Have you ever been driving and you see someone standing in the median with a sign? Usually they are there asking for money because they are out of work or homeless. Well, today I caught myself doing something that I have probably been doing for years and just realized I don’t like this part of who I am. So I am going to change it.
As I drove up to the stop light, I contemplated cutting through the parking lot instead of waiting to make my right turn so as to avoid the awkwardness of having the guy standing there looking pathetic and down on his luck. I settled with being in the far lane and having the car next to me block him from my vision.
But that blasted thing called peripheral vision wouldn’t let me forget about him. I could see him walking down the median looking at the cars in the left lane. I only imagined what the look on his face was. One of hope, disappointment, or a mix of both. I began to feel sorrow entering my heart.

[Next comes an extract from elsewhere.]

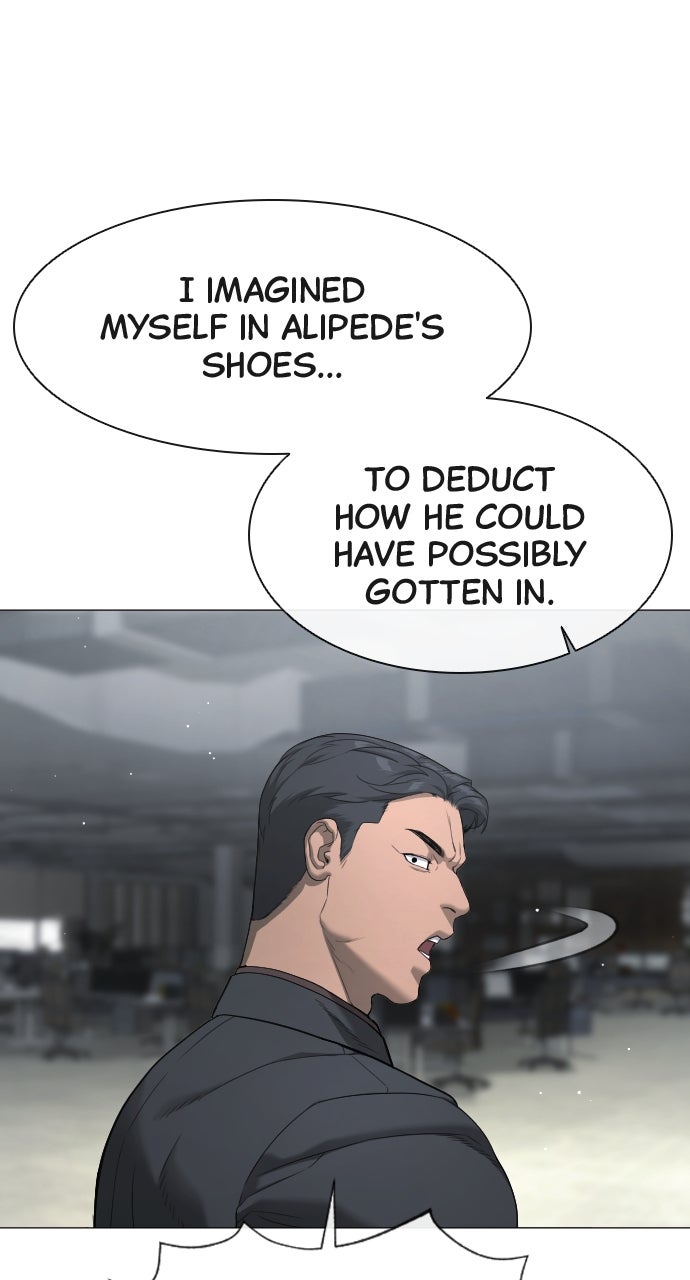 Read Killer Pietro Manga Online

I started to really think about why I tended to react in this way whenever I saw someone asking for money. I have several reasons as to why it might be my natural instinct. I have grown up in a world that believes everyone has to earn what they have and shouldn’t have life handed to him. A world where “if you give them money they will just go use it on booze and drugs, best not to waste it.”
I didn’t have any money at the time, and was on my way somewhere so I didn’t have time to stop and get food or cash. But how many times did I drive by someone when I had a couple of bucks that were just going to be used on a Reese’s peanut butter cup that I could do without? More times than I care to admit. I have conditioned my heart to be cold and calloused towards these people. I ignore them before I even realize what I am doing.
This is the world that I would like to live in. “But when you give a banquet, invite the poor, the crippled, the lame, the blind..” Luke 4:13. How am I supposed to invite people like that into my life when I am ignoring their very needs? I want to give without expecting to be given anything in return. Will my money be used for purposes I did not intend? Absolutely! Will relationships be more likely to form because of kindness and love? God-willing.
I cannot control what the needy and hurting will do with the gifts that I offer, but how will they ever be blessed by it if I never give it to them?
My challenge for myself and for anyone reading this: Love people regardless of where they are in life, whether it is on a median at a stoplight or the neighbor across the street. I never know what kind of impact my gifts may have on someone’s life. Pray over the gifts that I do give, that they would be a part of restoration and renewal. Pray that my gifts would be part of a miracle.